Their conversation took place in 1962, Gilson says, a year after the Packers won the 1961 NFL championship, the organization’s first of five titles in the decade. In what was their only hiccup in ’62, however, Starr and Green Bay lost, 26-14, to the Detroit Lions on Thanksgiving Day. Starr was roughed up, getting sacked 10 times and throwing two interceptions. With that in mind, Gilson gave an answer only a child could get away with.
“I asked him how many players were on offense,” Gilson said. “He answered 11. Then I asked him how many on defense and he said 11. So I said you are about my 21st or 22nd (favorite) Packer player. He looked at me and asked why. I told him, ‘Because you had 10 quarterback tackles, which is what they called sacks back then, against Detroit.’ And I said to him, ‘If you are going to make it in this league you have get rid of the ball faster.'”
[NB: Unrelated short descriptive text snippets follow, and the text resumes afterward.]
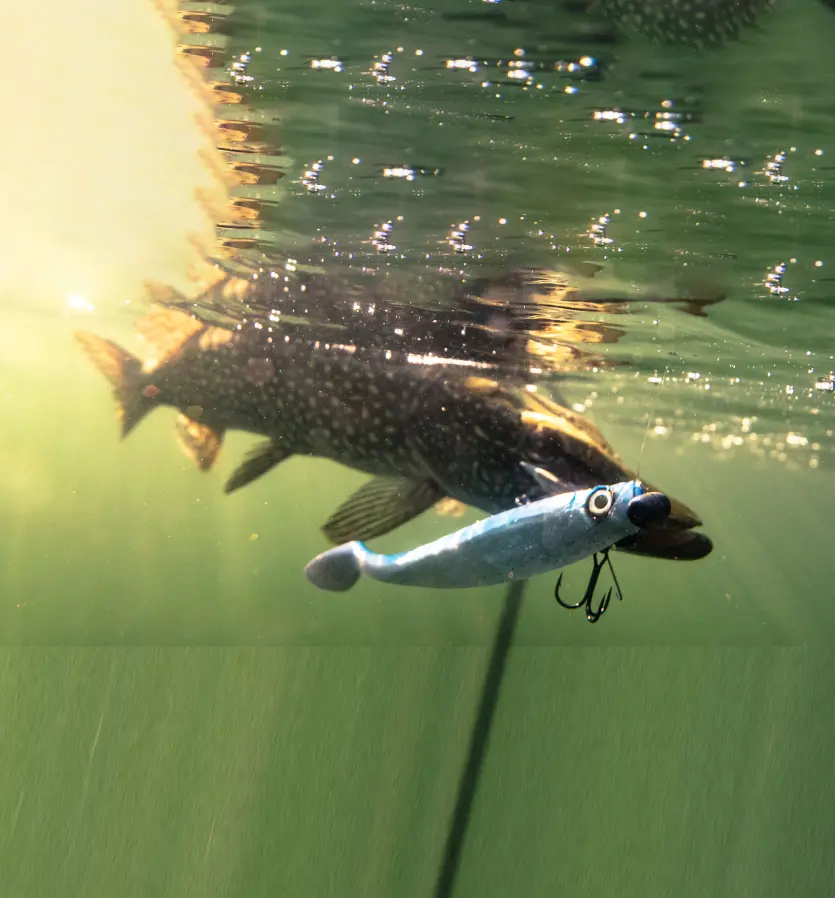 Slide background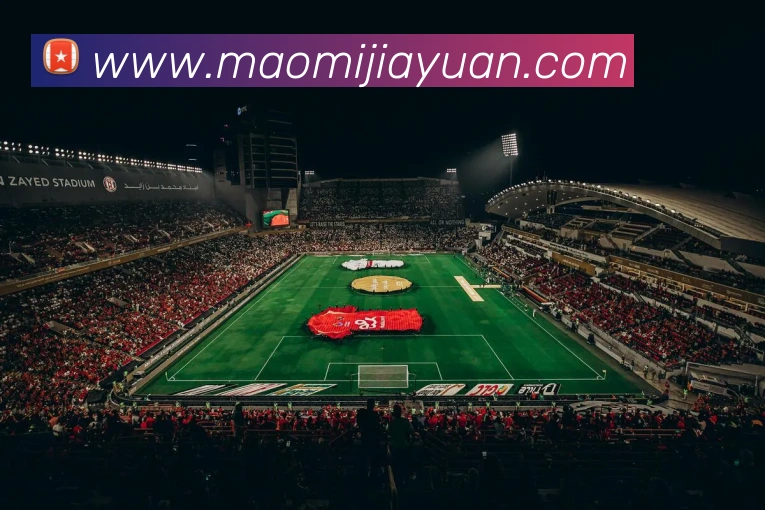 华体会体育官网appAPP 封面图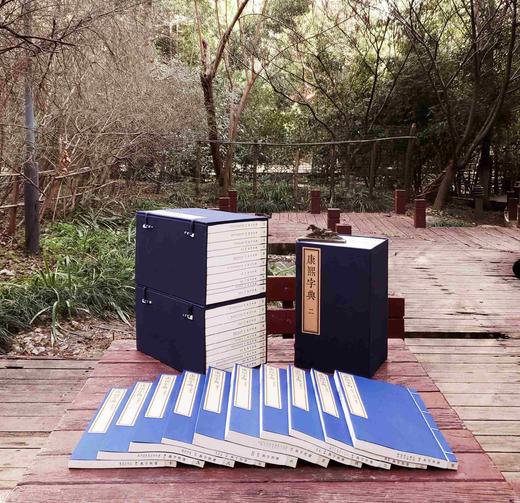 《康熙字典》，线装4函全40册《康熙字典》，线装，4函全40册，30*18cm,据光绪元年崇文书局版影印，崇文书局2017年版，定价6800，售价3288 商品图6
Gilson said Starr asked the Packers’ stat-keeper if the 10 sacks were true. He nodded and smiled at the young boy.
“He was very nice about it,” Gilson said. “When I got home and my parents asked me what Bart Starr and I talked about and I told them, they asked me why I would say something like that to him. But he went on to win four championships after that and I never charged him anything for the advice.”
Clearly, even at a young age Gilson’s dedication ran deep. That passion came thanks to his upbringing.
“Back when I was a kid, the games would be blacked out in the Green Bay area so we would go to church in the morning and then have to listen to the games on the radio,” Gilson said. “The radio in the house did not get good reception so we had to listen to the games in the car. So our Sundays consisted of going to church in the morning and then sitting in my dad’s car in the afternoon.
“I knew I would need to listen very closely to the games because when we would get together with family they would ask a lot of questions,” Gilson said. “Different questions about what happened in the game and different stats. If you didn’t know the answer, you weren’t a real Packer fan.”
So Gilson would study the games as he listened to them and became adept at remembering every statistic. He would lock them away, ready to be recalled at a moment’s notice. In this case, it allowed him to make a quick friendship with a Packers legend.
The incident also led to Gilson, now living in the Minocqua area, being interviewed for a potential movie about Starr a couple of years ago when the director heard he had a good story to tell.
“The director told me that was the second best Starr story he ever heard,” Gilson said.
The movie, which still remains largely in the works, could mean a reunion with Starr and the boy who claimed the quarterback wasn’t on his top 20 list of favorite players.
“If the movie gets picked up, they will have a premiere party and Starr will be there,” Gilson said. “I would love to meet him and he probably would like to meet the kid that told him how he was his 21st or 22nd (favorite) player.”
This time around, Gilson would have a different answer for the great Packers quarterback.
“He is my favorite player of all-time now,” Gilson said. “Not only because of what he did on the field, but he is a real classy guy and does the right thing for people. He not only is happy to sign autographs but he will sit and talk to people like he used to do when I was a kid.
“He didn’t have to take the time to talk to a kid but that is the guy he was. A lot of the Packers in that day were like that. That is something that really stuck with me.”